Speakers discussed labor and other topics during the Michigan Pomesters annual Ridgefest in Conklin, Michigan, on Aug. 3. (Matt Milkovich/Good Fruit Grower)
Speakers discussed labor and other topics during the Michigan Pomesters annual Ridgefest in Conklin, Michigan, on Aug. 3. (Matt Milkovich/Good Fruit Grower)

Michigan Pomesters held its 12th annual Ridgefest field day Aug. 3. The hosts were three orchards in the town of Conklin, located in Michigan’s Fruit Ridge region north of Grand Rapids.

The theme of this year’s Ridgefest was farm labor, especially the state of the federal H-2A guest-worker program. Rep. John Moolenaar, R-Mich., who represents most of Michigan’s apple growers in the state’s 2nd Congressional District, and Sen.
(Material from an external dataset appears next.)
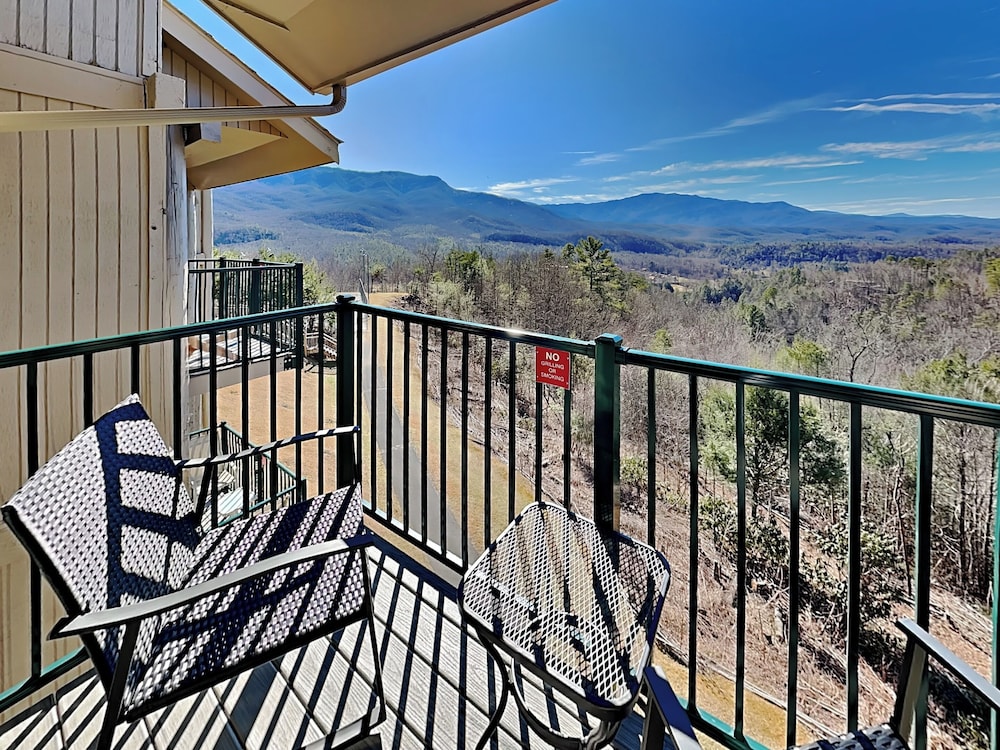 Mountain Vista by Jackson Mountain Rentals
Debbie Stabenow, D-Mich., who chairs the U.S. Senate Committee on Agriculture, Nutrition & Forestry, both spoke at the field day, discussing the difficulties of the H-2A guest-worker program and stressing the need for bipartisan solutions. Stabenow, who will retire from the Senate at the end of her current term, was given the Michigan Pomesters 2023 Fruit Person of the Year award after her talk.

In the past decade, Michigan fruit growers have come to rely more and more on H-2A workers. Digging deeper into that theme was Katie Vargas, a member of the family that runs Joe Rasch Orchards in Conklin. One of the first Michigan orchards to hire H-2A workers during a pilot program in 2014, Joe Rasch Orchards now completely relies on H-2A labor to pick its apples. In the past two years, the company had one domestic applicant apply for a picker position, and 75 pickers were needed, Vargas told the Ridgefest audience. 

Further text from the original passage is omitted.